In a society built on over consumption pushing us well over our boundaries, we find ourselves over our heads in over stimulation and I’m over it. 


The process of writing, creating, making and sharing my music has always been something I “fit in” to the schedule of life. I don’t know about the rest of you, but it feels to me like life has long been and continues to be over-scheduled. With the rising costs of food, lack of housing and diminishing family values I find myself pushing harder to fit in. I feel like I’m fighting to fit into a rapidly failing societal system that has already left so many behind. Any time I make to process this through my writing I am stealing from other valuable areas of life, like family. The writing comes easy, maybe too easy sometimes, like a high pressured geyser I have to actively open and close when the time is right. 


The messages find me. My experiences unfold into rhyming patterns and allow me the peace of a quiet mind and a stable heart, if only momentarily. However, this is only a step along the journey of growth. The power of healing lives in connecting, sharing and supporting others. So it’s click, share, post, reply, re-share on and on while praying it lands on the screens in front of the eyes of those who need it most. This quickly becomes more and more time consuming with less and less connection and healing to show for it. 


So I pushed harder. I brought to life the vision of a platform where I could support other artists in their growth, host their art and be a building block in their success. Spreading myself thinner with every move, I went too big, too fast with no real foundation to build on. I hit a wall. Hard. I was disheartened because I knew I had the tools to build with and the message to back it. I couldn’t put my finger on the missing piece. Until I did. 

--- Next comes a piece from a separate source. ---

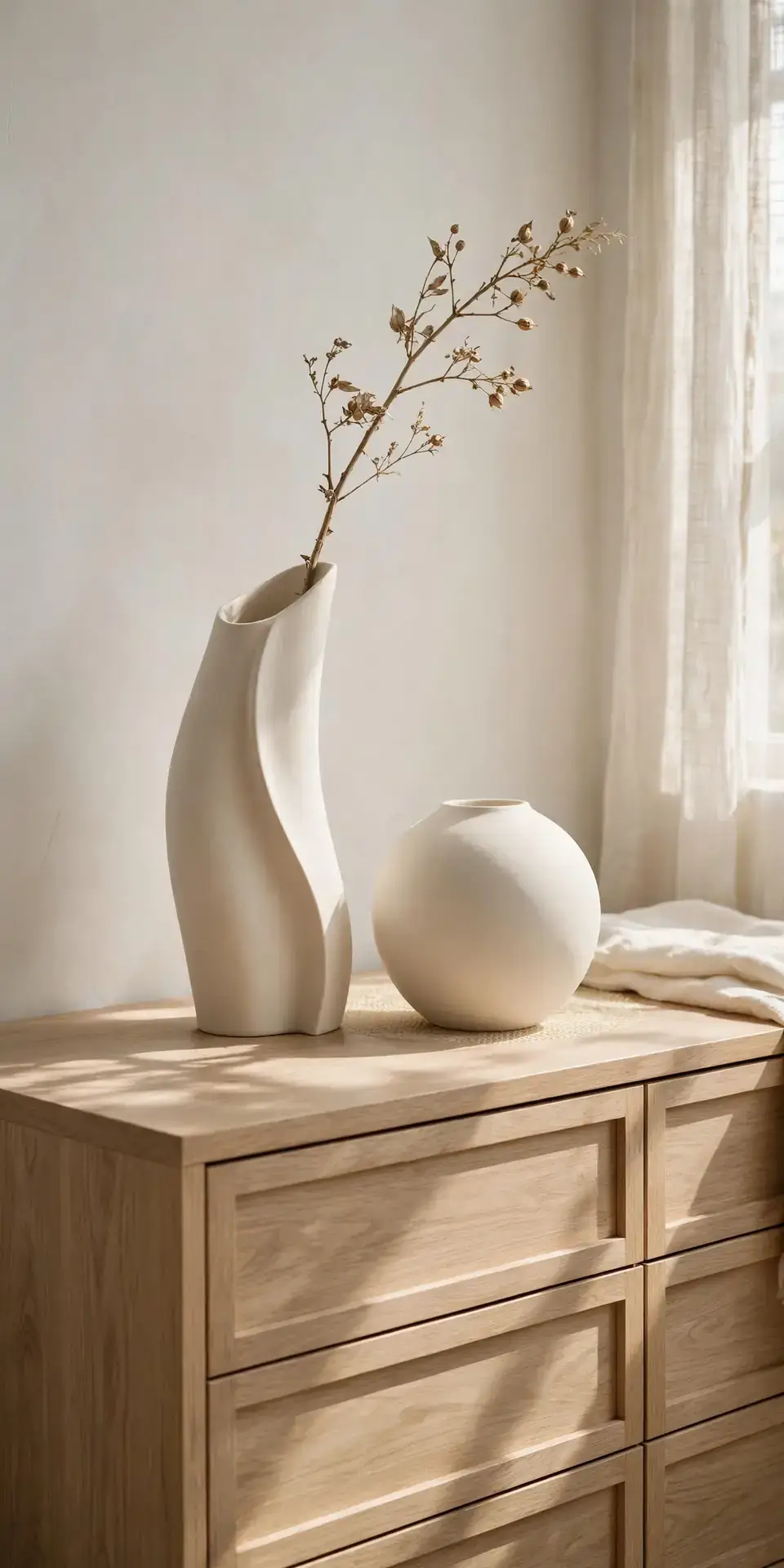 Sculptural Vase Pair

Me. I was missing. I had created and allowed the different roles in my life to become so significantly separated. I knew how to show up as Ryan, a Son, a Dad and Indite to the different areas they were needed but I never understood how to show up whole. I didn’t believe I was worthy of the vision I was building so I built it as a collective thinking all these other people deserve to be seen and heard. I struggled to pay for the business end of the music and refused to charge for shows or merch. I didn’t allow Myself the gift of being Myself, raw, real and vulnerable. I built it big, threw it far and never got to see it land. 


With days worth of music across all streaming platforms and pennies of profit, I hated the process of what everyone else was doing because it didn’t feed my soul. It didn’t speak to who I am as a person. All of this for me is part of a life long healing process that I was actively building walls around. I crave connection. Real connection. I wanna hear about your hardest moments, see the scars and celebrate the wins. I finally understand now, it's impossible to connect on that level unless I show up first. As me. Vulnerable. Real. No persona or ego. So that’s what I’m going to do. 


This is The Breakdown. This is where I take it all and simplify it. From the pen to the pad to the people. If I can’t build this for Me then I can’t build it for anyone else either.